Once they were inside, she hauled him over to a simple bed and helped him lie down on it. He must have passed out after that, because when he opened his eyes again, he was mostly unclothed and she was dressing his now-clean, though still throbbing, feet.

She started speaking to him. When he didn't understand, she made an obvious effort to switch to common Silerian, though her speech was still liberally sprinkled with
shallah
words.

"A Sister could heal you more quickly,
toren
," she explained, having guessed his rank. "But I can't leave Sanctuary to find one for you elsewhere. Besides, you shouldn't be left alone. Don't worry, though. I have enough experience to help you. I'm just not..." She shrugged. "I don't know the arts of the Sisterhood. Just practical things."

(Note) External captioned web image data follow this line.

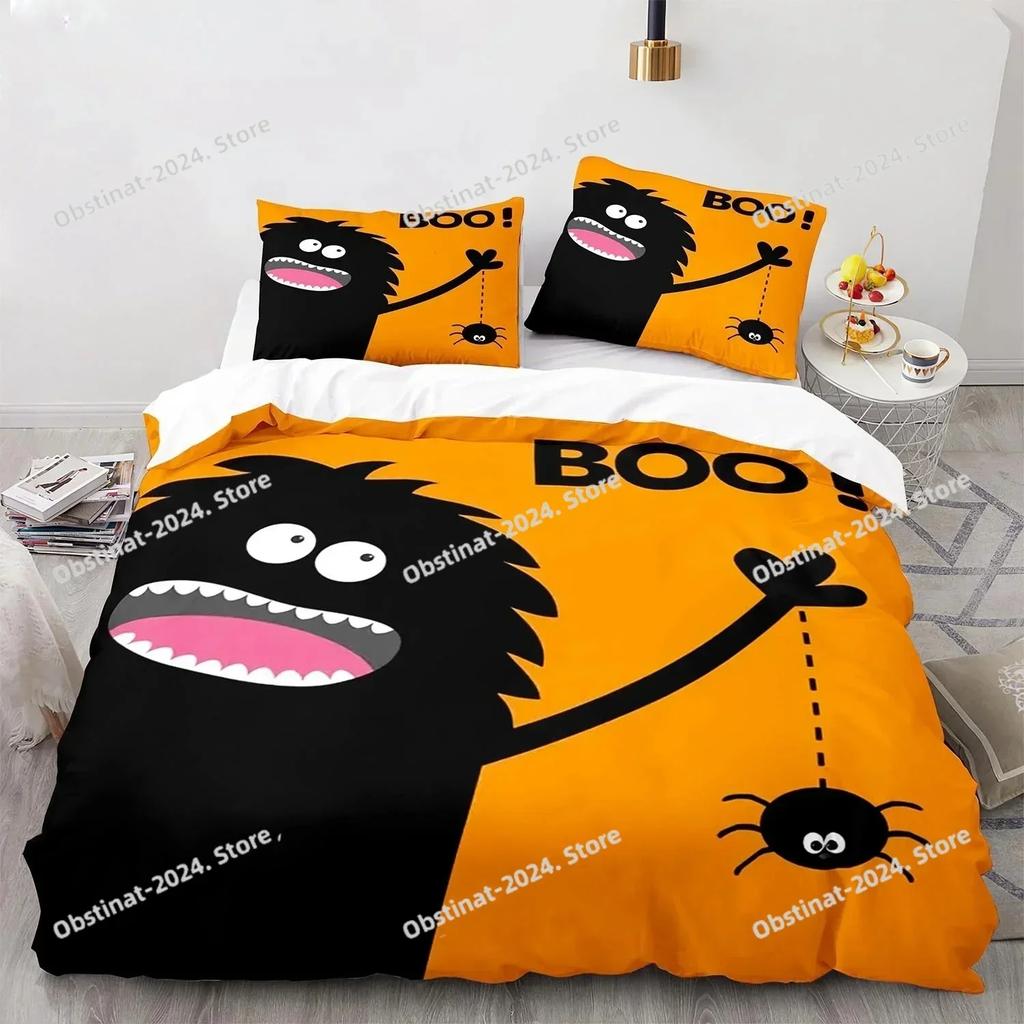 Top Halloween Boo Cartoon Bedding Set Printed Single Comforter Quilt Bed Cover Duvet Cover Pillow Case 3 Pieces Kids Adult Size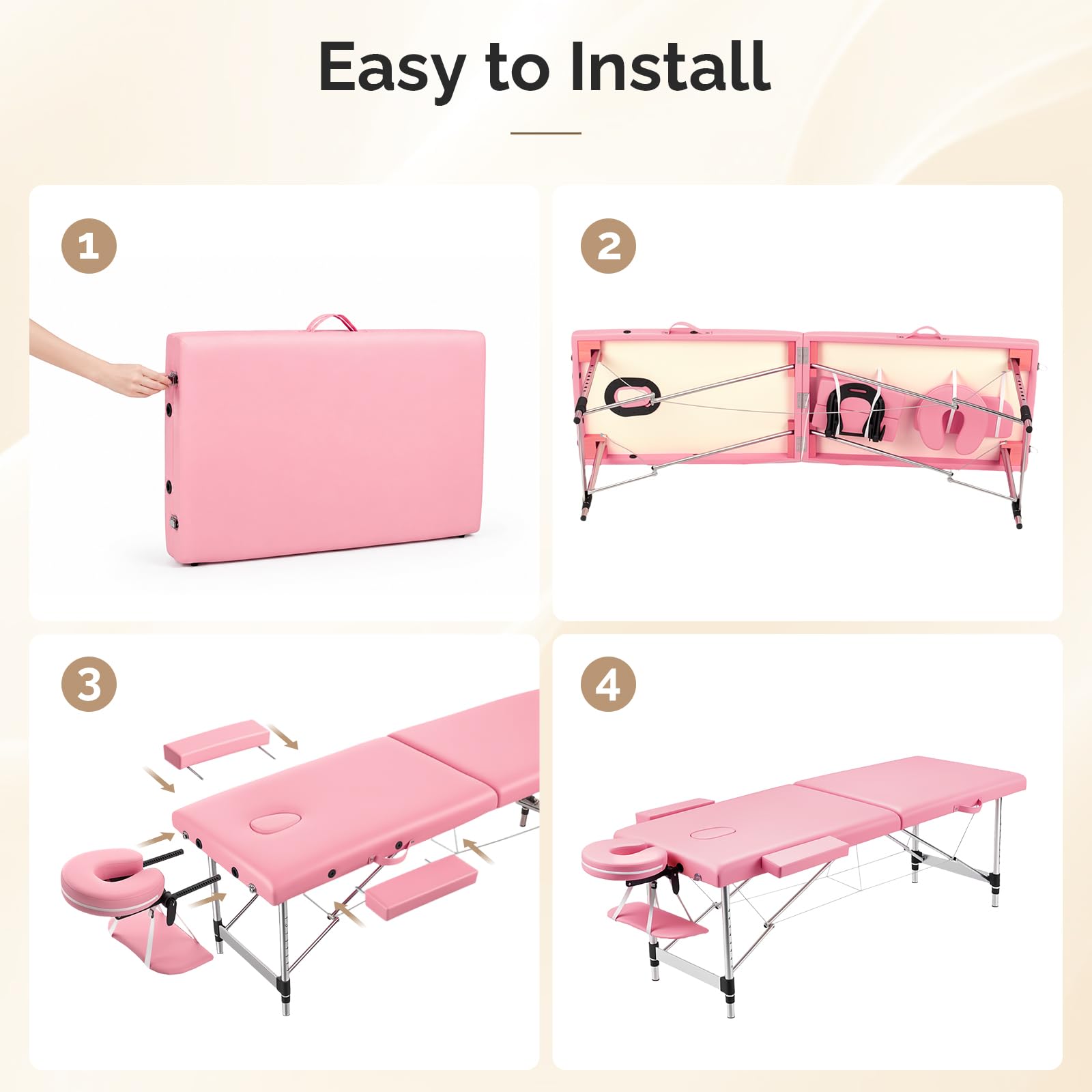 OmySalon FA-MB 84in Portable Height-Adjustable Physical Therapy Massage Table with Aluminum Frame, Face Cradle & Carrying Bag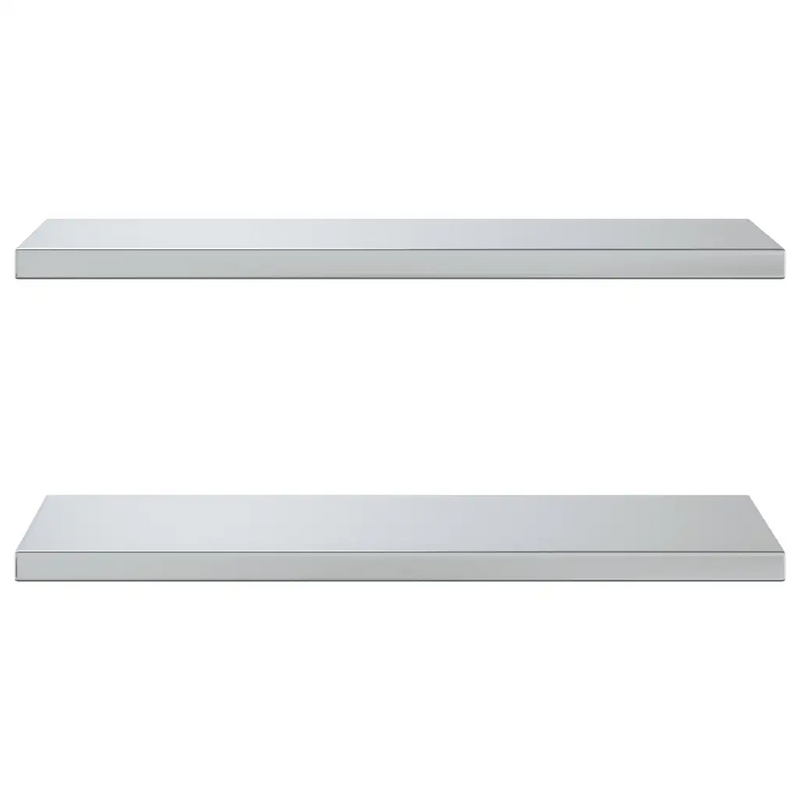 Wall Shelves 2 pcs 75x30 cm Silver Stainless Steel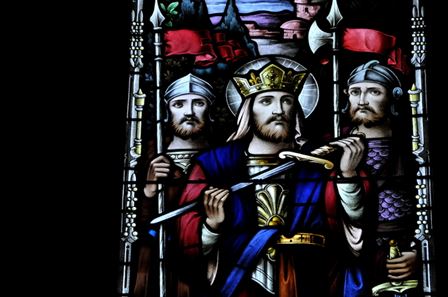 King David, Two Warriors and Jerusalem (detail)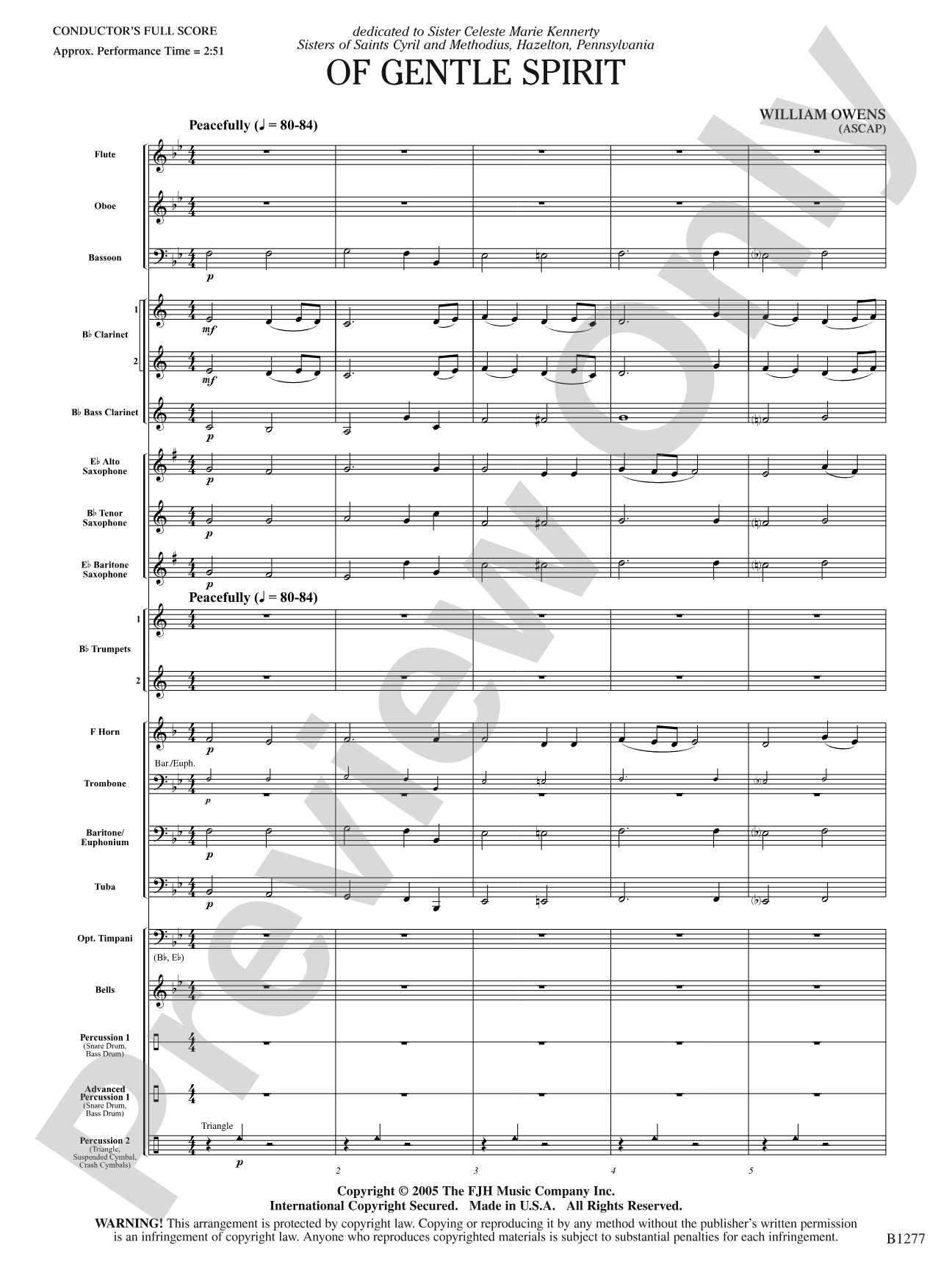 Of Gentle Spirit: Concert Band Conductor Score & Parts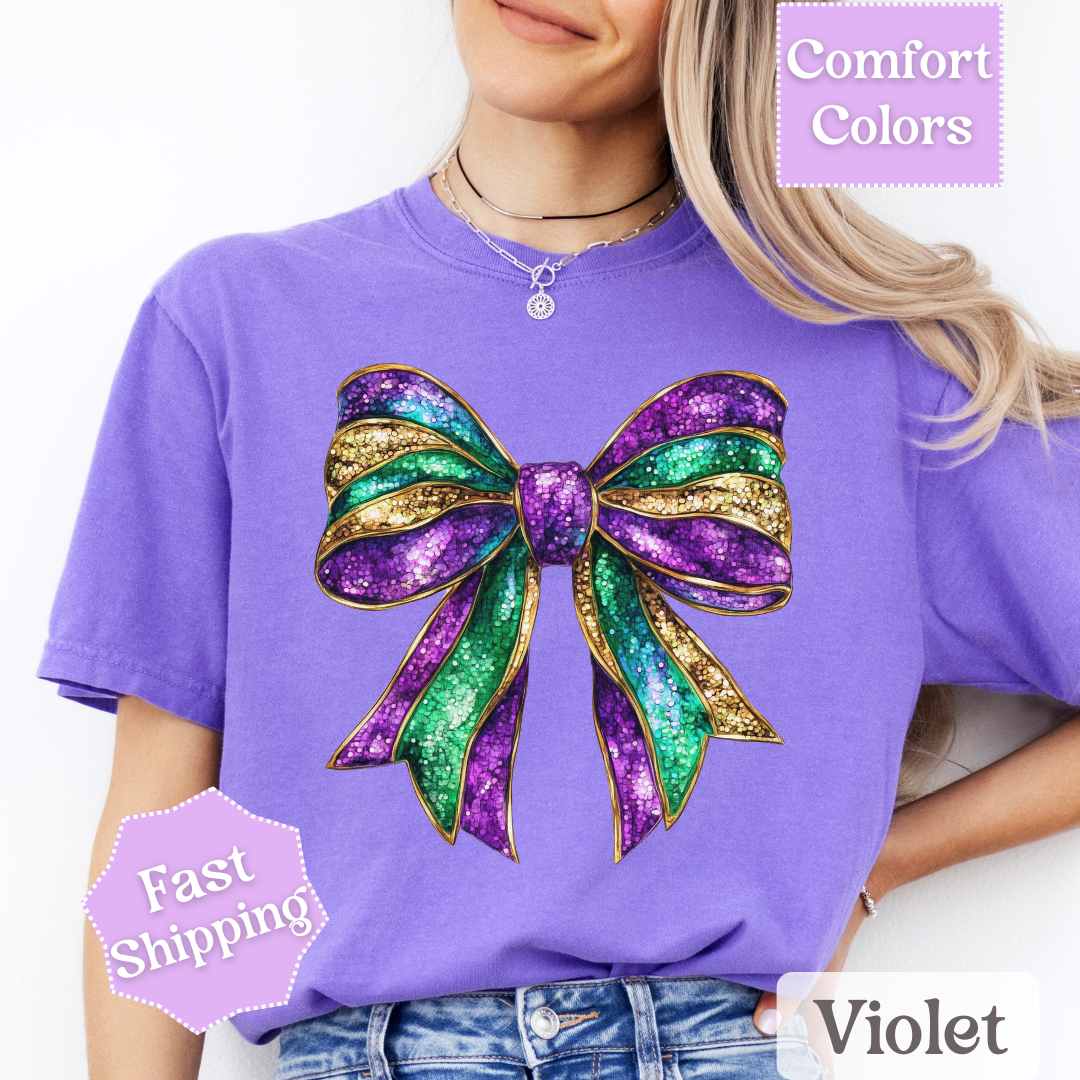Sparkly Mardi Gras T-Shirt, Coquette Bow Mardi Gras Tee, Fat Tuesday Women&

He nodded his understanding.

"Your arm is broken, and your ribs are damaged—but not badly, I think." 
      "They feel bad," he said, his voice weak and cracked.

She shook her head. "No. It's nothing."

Shallaheen.
Yes, he had no doubt that to
them
his injuries seemed like nothing. He, however, was trying hard not to cry like a baby in front of this woman.

Not that he had any tears to spare. "Water," he croaked, nearly maddened with thirst.

"Of course." She lifted his head and gave him a little at a time, showing more patience than he would have had in her position.